§ **Source records**:
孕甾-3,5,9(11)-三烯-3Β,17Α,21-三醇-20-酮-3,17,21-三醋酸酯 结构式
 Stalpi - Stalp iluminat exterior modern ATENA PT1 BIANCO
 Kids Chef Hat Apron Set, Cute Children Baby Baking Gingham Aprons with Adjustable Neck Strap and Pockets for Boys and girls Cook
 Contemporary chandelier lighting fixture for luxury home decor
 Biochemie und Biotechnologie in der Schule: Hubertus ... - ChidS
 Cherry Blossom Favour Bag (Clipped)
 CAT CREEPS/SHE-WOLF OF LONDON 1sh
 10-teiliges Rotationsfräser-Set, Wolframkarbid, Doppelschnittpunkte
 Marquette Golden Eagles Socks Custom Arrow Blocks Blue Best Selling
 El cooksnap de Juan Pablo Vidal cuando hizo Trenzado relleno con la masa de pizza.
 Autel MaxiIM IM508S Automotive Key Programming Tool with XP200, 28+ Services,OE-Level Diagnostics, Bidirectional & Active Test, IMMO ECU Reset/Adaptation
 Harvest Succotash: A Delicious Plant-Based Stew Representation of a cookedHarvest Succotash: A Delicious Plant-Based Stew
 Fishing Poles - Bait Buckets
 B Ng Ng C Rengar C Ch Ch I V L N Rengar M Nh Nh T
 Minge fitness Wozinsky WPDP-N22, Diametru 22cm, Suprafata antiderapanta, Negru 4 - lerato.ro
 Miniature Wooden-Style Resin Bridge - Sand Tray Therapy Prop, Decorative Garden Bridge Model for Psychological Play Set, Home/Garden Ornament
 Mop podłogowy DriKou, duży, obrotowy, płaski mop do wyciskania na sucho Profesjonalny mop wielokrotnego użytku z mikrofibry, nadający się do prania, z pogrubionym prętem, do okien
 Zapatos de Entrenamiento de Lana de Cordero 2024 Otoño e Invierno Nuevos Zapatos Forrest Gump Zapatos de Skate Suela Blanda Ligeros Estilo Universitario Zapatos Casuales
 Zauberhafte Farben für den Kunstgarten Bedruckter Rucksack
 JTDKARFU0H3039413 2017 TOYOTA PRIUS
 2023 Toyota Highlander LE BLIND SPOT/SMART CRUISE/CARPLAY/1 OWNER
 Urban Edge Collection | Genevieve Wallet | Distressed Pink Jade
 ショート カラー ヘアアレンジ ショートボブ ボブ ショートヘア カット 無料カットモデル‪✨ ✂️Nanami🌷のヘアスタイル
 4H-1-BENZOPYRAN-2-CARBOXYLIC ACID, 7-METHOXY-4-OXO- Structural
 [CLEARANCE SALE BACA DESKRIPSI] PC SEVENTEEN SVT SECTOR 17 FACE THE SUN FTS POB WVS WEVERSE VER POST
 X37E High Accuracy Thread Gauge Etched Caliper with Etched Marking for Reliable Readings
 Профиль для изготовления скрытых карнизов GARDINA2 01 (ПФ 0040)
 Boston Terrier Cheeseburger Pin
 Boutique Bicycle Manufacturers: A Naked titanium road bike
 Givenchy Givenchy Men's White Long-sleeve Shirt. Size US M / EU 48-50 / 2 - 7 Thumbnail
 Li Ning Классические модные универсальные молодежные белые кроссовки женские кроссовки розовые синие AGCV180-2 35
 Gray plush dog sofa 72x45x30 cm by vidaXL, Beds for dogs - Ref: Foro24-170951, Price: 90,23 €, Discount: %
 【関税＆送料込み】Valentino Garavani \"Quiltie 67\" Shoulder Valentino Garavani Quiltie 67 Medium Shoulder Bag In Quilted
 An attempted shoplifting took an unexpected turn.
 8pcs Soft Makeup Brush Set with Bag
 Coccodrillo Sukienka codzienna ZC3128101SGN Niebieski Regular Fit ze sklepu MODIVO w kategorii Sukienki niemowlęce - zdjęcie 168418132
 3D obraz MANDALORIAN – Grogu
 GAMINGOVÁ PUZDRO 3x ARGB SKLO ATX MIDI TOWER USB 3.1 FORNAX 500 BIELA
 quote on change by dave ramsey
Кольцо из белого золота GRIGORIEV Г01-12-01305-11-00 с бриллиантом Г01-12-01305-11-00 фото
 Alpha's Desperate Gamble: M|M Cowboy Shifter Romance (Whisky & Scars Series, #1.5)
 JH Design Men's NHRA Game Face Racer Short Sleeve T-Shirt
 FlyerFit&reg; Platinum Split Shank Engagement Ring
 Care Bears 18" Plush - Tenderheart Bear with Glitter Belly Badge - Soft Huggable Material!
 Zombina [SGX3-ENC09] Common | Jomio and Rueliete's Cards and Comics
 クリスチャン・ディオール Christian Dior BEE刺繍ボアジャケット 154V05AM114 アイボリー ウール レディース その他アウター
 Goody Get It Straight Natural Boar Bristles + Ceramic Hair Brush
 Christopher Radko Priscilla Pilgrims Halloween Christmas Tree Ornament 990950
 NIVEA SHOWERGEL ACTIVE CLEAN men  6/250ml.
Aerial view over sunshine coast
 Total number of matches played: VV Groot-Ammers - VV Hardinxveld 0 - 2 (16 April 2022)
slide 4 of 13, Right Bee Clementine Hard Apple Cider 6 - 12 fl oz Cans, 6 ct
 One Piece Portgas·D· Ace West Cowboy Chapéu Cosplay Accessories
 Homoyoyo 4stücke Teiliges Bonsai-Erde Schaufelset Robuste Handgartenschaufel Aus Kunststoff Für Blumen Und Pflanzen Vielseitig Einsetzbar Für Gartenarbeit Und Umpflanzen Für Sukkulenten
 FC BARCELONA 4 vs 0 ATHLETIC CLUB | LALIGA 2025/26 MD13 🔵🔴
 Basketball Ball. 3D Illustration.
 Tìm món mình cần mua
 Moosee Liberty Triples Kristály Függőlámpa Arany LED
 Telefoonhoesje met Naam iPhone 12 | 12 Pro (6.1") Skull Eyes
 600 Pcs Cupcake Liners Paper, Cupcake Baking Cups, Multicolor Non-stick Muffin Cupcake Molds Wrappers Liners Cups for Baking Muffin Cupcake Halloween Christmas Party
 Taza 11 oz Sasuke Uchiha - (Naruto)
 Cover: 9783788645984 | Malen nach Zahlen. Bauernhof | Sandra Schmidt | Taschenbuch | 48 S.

§ **Exercise directions**:
Repeat exactly, and only, the lines from the one containing "Soft Huggable Material!" through the last line above.

§ **Task output**:
 Care Bears 18" Plush - Tenderheart Bear with Glitter Belly Badge - Soft Huggable Material!
 Zombina [SGX3-ENC09] Common | Jomio and Rueliete's Cards and Comics
 クリスチャン・ディオール Christian Dior BEE刺繍ボアジャケット 154V05AM114 アイボリー ウール レディース その他アウター
 Goody Get It Straight Natural Boar Bristles + Ceramic Hair Brush
 Christopher Radko Priscilla Pilgrims Halloween Christmas Tree Ornament 990950
 NIVEA SHOWERGEL ACTIVE CLEAN men  6/250ml.
Aerial view over sunshine coast
 Total number of matches played: VV Groot-Ammers - VV Hardinxveld 0 - 2 (16 April 2022)
slide 4 of 13, Right Bee Clementine Hard Apple Cider 6 - 12 fl oz Cans, 6 ct
 One Piece Portgas·D· Ace West Cowboy Chapéu Cosplay Accessories
 Homoyoyo 4stücke Teiliges Bonsai-Erde Schaufelset Robuste Handgartenschaufel Aus Kunststoff Für Blumen Und Pflanzen Vielseitig Einsetzbar Für Gartenarbeit Und Umpflanzen Für Sukkulenten
 FC BARCELONA 4 vs 0 ATHLETIC CLUB | LALIGA 2025/26 MD13 🔵🔴
 Basketball Ball. 3D Illustration.
 Tìm món mình cần mua
 Moosee Liberty Triples Kristály Függőlámpa Arany LED
 Telefoonhoesje met Naam iPhone 12 | 12 Pro (6.1") Skull Eyes
 600 Pcs Cupcake Liners Paper, Cupcake Baking Cups, Multicolor Non-stick Muffin Cupcake Molds Wrappers Liners Cups for Baking Muffin Cupcake Halloween Christmas Party
 Taza 11 oz Sasuke Uchiha - (Naruto)
 Cover: 9783788645984 | Malen nach Zahlen. Bauernhof | Sandra Schmidt | Taschenbuch | 48 S.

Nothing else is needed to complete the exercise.